Nov. 7th, 2010 10:17 am
athenaltena: (writing)
Oh yeah, I hit 10k in NaNoWriMo last night. Boo yeah.

Since I'm continuing the story I was doing last year I realized that I might actually run out of story before I hit 50k. In that case I'll either elaborate on backstories for some characters in short stories (which I've been intending to do anyone) or switch over to Project Samurai.

We'll see, but I estimated I was about halfway done with the story when I started, but it may turn out to have been more like 3/4.
athenaltena: (writing)
Since I’m now knee-deep in NaNoWriMo for the second year in a row I’ve started both writing new scenes for my project, which I’m continuing from last year, and going back and fixing a few things in the parts that I wrote before. One thing I have to make sure I do is change all the references to one character’s parent being dead, because I originally had them die before the story started, but then changed my mind and decided they were alive.

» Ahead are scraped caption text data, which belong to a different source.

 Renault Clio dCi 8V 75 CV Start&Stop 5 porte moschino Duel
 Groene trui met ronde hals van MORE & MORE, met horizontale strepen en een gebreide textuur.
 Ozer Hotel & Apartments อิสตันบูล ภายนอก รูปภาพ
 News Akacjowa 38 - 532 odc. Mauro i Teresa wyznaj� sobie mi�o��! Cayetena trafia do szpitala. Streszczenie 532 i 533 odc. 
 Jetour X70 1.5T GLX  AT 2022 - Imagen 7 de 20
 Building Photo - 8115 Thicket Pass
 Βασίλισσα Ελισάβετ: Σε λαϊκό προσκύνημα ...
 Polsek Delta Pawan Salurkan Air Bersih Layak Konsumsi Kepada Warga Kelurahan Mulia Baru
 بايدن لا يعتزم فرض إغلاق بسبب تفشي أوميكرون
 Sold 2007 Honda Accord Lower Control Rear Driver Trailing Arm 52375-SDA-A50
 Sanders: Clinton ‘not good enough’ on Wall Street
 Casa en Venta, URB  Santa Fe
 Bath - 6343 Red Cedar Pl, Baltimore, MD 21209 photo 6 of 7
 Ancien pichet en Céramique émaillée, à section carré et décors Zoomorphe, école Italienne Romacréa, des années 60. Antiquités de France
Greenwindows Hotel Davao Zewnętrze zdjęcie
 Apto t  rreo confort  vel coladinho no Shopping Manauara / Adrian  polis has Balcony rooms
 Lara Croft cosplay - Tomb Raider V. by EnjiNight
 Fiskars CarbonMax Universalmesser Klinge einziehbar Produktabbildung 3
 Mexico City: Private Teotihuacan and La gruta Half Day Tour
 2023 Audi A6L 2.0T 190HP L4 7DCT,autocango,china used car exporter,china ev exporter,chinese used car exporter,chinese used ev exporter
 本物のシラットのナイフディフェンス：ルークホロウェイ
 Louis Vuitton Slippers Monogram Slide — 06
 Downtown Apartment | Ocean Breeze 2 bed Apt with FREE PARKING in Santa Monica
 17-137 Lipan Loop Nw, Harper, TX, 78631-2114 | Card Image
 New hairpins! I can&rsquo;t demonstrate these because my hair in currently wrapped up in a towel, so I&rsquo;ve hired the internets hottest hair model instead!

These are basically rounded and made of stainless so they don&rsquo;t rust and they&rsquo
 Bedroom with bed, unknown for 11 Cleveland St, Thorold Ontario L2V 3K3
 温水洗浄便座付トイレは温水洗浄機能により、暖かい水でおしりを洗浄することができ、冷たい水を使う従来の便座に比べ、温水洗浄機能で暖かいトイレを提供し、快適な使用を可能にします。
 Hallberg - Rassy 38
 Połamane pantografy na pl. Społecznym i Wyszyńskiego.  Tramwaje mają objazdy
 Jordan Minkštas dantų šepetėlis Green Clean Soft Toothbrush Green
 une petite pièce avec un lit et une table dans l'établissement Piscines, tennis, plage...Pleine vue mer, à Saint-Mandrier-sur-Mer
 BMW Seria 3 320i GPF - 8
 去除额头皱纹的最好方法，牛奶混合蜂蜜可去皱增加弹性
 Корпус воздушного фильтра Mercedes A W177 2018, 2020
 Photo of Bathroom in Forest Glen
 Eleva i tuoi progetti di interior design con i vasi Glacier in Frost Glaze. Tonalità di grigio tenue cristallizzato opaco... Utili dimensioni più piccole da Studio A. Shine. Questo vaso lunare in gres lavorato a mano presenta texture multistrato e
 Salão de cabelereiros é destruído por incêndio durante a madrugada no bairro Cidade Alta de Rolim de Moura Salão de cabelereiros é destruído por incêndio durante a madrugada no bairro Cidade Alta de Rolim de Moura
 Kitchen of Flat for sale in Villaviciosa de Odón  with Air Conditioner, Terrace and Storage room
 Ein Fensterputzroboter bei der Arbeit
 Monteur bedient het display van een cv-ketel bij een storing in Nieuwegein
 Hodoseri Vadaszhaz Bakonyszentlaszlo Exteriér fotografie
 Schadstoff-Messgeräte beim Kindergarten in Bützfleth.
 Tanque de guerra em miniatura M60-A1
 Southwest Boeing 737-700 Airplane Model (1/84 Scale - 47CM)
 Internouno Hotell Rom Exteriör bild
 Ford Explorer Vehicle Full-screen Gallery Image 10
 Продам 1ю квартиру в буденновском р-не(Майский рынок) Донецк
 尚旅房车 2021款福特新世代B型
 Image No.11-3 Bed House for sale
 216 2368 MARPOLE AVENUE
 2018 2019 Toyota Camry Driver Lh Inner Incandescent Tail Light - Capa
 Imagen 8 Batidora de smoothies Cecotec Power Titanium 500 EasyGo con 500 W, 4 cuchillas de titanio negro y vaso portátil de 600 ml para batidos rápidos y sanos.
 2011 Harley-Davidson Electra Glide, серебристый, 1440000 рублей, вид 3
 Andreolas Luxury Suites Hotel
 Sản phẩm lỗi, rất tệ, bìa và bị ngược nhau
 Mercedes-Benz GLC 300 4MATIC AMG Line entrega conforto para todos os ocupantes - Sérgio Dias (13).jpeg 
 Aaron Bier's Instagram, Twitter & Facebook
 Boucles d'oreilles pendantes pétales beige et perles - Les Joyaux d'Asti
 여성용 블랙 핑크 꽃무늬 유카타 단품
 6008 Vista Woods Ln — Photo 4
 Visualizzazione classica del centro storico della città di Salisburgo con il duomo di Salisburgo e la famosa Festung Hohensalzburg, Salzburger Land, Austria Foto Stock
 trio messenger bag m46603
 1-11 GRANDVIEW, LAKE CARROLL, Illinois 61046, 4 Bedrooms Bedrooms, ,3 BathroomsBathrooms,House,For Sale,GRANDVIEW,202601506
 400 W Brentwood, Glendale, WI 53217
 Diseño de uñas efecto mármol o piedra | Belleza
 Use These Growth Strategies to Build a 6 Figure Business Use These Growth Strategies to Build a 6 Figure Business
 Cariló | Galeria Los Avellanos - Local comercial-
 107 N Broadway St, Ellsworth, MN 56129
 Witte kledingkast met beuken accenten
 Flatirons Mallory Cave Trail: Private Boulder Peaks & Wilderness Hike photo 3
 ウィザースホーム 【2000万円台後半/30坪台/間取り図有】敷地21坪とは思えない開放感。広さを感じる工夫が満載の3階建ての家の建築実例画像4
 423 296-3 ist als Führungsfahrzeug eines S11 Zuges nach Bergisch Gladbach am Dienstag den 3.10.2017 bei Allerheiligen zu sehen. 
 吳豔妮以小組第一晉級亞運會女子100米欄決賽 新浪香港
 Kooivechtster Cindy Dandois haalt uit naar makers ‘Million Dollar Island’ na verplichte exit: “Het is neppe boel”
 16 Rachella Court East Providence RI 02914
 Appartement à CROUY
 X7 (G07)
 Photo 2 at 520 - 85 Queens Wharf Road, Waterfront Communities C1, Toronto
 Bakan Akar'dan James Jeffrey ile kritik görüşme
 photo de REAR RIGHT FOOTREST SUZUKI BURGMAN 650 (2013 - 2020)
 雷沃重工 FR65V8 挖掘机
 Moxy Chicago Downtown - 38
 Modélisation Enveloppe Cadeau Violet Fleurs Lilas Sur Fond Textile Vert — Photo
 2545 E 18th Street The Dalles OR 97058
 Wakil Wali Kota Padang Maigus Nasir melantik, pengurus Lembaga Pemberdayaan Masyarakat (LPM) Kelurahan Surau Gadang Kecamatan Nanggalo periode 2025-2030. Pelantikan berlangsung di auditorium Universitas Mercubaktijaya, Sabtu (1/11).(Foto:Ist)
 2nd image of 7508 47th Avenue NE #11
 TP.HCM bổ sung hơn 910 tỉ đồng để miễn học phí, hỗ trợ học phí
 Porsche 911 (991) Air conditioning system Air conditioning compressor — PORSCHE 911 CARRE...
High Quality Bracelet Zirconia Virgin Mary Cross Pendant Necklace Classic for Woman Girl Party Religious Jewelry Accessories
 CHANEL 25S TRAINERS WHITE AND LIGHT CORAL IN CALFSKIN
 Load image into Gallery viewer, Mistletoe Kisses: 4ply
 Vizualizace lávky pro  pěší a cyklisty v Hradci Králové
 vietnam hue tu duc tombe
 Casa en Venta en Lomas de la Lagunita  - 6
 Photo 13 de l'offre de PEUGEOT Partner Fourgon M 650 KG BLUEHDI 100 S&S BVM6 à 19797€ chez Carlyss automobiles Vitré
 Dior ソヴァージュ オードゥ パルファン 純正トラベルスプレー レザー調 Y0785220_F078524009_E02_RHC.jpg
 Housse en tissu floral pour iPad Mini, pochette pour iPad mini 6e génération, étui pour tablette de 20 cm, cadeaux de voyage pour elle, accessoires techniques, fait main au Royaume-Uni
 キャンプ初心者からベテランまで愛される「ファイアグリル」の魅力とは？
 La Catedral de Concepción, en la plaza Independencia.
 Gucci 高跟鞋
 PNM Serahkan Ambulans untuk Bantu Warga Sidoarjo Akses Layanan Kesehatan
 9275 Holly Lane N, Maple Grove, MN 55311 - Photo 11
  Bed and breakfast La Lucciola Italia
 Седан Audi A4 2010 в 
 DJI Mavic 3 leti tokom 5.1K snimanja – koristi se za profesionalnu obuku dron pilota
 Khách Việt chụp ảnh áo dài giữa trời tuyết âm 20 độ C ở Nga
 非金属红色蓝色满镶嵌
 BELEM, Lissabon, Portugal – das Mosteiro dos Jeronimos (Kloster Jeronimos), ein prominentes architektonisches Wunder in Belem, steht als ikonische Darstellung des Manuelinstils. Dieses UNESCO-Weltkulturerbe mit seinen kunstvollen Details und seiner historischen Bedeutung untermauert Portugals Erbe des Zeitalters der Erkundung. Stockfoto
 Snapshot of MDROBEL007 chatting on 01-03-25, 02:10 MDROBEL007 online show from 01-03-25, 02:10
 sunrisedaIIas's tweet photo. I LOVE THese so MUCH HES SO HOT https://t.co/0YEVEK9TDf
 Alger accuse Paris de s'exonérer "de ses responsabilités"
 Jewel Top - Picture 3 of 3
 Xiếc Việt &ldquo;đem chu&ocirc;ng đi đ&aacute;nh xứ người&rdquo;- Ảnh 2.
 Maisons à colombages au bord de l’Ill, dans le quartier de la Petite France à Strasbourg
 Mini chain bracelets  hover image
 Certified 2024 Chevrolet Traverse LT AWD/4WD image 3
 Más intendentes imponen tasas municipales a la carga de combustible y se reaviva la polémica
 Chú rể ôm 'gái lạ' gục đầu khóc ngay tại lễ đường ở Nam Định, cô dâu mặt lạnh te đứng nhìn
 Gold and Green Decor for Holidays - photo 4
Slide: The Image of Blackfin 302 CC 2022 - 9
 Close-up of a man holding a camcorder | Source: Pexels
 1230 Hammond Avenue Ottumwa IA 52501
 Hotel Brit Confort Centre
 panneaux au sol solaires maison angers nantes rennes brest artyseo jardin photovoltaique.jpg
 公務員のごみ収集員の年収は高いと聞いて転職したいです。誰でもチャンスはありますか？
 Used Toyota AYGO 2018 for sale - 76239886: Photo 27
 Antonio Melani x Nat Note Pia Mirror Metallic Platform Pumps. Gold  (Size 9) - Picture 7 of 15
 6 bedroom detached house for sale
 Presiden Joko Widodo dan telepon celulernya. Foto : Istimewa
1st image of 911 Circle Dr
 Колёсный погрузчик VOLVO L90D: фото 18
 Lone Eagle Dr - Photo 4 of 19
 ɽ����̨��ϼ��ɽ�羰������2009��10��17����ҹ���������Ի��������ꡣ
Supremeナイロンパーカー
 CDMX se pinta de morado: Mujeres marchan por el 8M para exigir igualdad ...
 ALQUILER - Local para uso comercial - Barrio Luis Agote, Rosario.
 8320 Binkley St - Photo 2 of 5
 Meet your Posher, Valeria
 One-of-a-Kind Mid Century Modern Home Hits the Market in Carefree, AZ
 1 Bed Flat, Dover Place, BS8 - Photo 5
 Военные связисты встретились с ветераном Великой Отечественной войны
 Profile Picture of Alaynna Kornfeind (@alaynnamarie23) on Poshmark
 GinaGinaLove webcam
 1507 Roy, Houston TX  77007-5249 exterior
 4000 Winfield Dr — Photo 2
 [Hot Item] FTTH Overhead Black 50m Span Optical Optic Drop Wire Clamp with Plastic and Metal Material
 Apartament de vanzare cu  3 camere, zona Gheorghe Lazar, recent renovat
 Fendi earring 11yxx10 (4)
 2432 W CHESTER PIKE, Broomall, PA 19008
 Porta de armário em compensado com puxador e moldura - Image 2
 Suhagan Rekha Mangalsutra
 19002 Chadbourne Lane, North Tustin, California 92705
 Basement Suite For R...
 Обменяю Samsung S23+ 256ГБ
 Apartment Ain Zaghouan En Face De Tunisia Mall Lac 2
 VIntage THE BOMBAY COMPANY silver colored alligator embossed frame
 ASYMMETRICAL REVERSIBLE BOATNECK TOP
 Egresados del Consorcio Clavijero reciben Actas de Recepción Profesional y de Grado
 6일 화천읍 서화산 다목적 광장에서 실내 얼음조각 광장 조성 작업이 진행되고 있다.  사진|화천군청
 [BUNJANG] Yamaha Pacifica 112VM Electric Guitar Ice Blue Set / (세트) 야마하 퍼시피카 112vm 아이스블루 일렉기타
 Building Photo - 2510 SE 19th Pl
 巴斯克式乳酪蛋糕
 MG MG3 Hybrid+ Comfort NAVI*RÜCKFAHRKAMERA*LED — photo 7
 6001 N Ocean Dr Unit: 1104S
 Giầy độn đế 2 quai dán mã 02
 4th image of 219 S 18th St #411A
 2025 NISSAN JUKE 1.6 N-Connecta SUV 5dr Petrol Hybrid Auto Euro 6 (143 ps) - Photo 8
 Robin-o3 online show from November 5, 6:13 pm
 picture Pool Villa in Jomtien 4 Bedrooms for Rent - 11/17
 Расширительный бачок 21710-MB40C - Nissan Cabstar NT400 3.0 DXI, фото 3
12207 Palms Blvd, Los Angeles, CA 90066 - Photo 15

I’ll have to rewrite an entire scene that now has them in it, but I think it was the right choice.

For one thing I realized I was falling into the old Disney cliché of one parent being mysteriously missing/dead (seriously, I can think of exactly two heroes who have both parents alive in the main story who survive all the way through, Mulan and Princess Aurora, and in a lot of cases where one parent is dead it mostly seems like it's because they didn't bother writing them in), and also I realized I was skirting uncomfortably close to Women in Refrigerators syndrome*. That and it’s just more interesting to write the character’s relationship with both parents alive, and I’ve discovered that writing two people who’ve been together for a long time interacting with each other actually comes very easily to me, not to mention that it's fun.

*Which, for those who don't know, is a term coined by Gail Simone for when a character, usually a woman, is killed off in a particularly mean spirited manner solely to provide angst/motivation for another, usually male, character.
athenaltena: (writing)
So I was filling out stuff on my NaNoWriMo page and the info on my story I realized that the title I have for it is really, really old and from a time when the story was much different.

For one thing the main character was actually the son of two characters from the current one, and this story actually started as an idea for a prequel before I'd ever written anything down, and eventually it usurped my headspace and became my main focus. At this point I don't know if I'll ever get to their son since I have to finish his parents' story first!

So the working title was and still is Protege, which still kind of works but not as well. So I'm debating if I should try to change it or just leave it for now. Or maybe I'll get an InspiroBrick&trade to the head that'll help.